Para se entender isso, é preciso remontar ao projeto cultural de Machado de Assis – como crítico e cronista –, que teve três fases distintas: a primeira, considerada nacionalista-romântica, em que rebateu a penetração de peças estrangeiras no Brasil; a segunda, uma ação pedagógica em que começa a aceitar a alteridade, especialmente o teatro francês de qualidade; e a última, de um nacionalismo voltado para o povo, com suas crônicas maduras em que procurou analisar as mazelas do brasileiro, visando à busca de uma identidade nacional.

Essas são algumas considerações que faço inicialmente, a partir da leitura do magnífico ensaio de Eduardo Luz intitulado O quebra-nozes de Machado de Assis – crítica e nacionalismo, Edições UFC (Universidade Federal do Ceará), Fortaleza, 243 páginas.

Aqui, acompanhamos o trajeto machadiano mapeado paulatinamente, não sem mostrar o crescimento e o avanço que permitiram a ele tornar-se o mais importante escritor do Oitocentos brasileiro.
Naquela fase inicial, o jovem Machado torcia o nariz para o teatro que vinha de fora, rejeitando a “cozinha estranha”, e propunha ao governo imperial normas para a valorização da produção interna. Sua atividade como censor batia nessa tecla e em outras como o aprimoramento dos textos que lhe chegavam para análise e liberação, e, concomitantemente, buscava meios que pudessem promover o refinamento do público.

Enquanto isso, “expandia-se e diversificava-se o público de baixa comédia” (p. 81). Também não se poderia exigir muito de um país cuja população contava tanto em 1876 quanto em 1900 com 84% de analfabetos, segundo o Censo.
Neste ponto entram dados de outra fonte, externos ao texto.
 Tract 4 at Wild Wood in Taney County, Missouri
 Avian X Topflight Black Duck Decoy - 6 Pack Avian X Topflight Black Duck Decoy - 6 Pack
Por outro lado, o governo imperial vedava, entre outros itens, as peças que se apresentassem “contra a veneração à Nossa Santa Religião, contra o respeito devido aos Poderes Políticos da Nação e às Autoridades constituídas, e contra a guarda da moral e decência pública” (p. 74).

Poderíamos falar bem mais sobre esse ensaio de Eduardo Luz, feliz edição da Universidade Federal do Ceará, mas paremos machadeanamente no título. É Machado quem faz, numa crônica de 3 de abril de 1885, uma relação entre as nozes e as ideias, já que em ambas é preciso quebrar a “casca” para saber o que têm dentro. Aí reside o segredo da descoberta.

Sempre o velho-novo Machado para nos mostrar – recorrendo a outra metáfora que não a das nozes – com quantos paus se faz uma canoa... na vida e na ficção.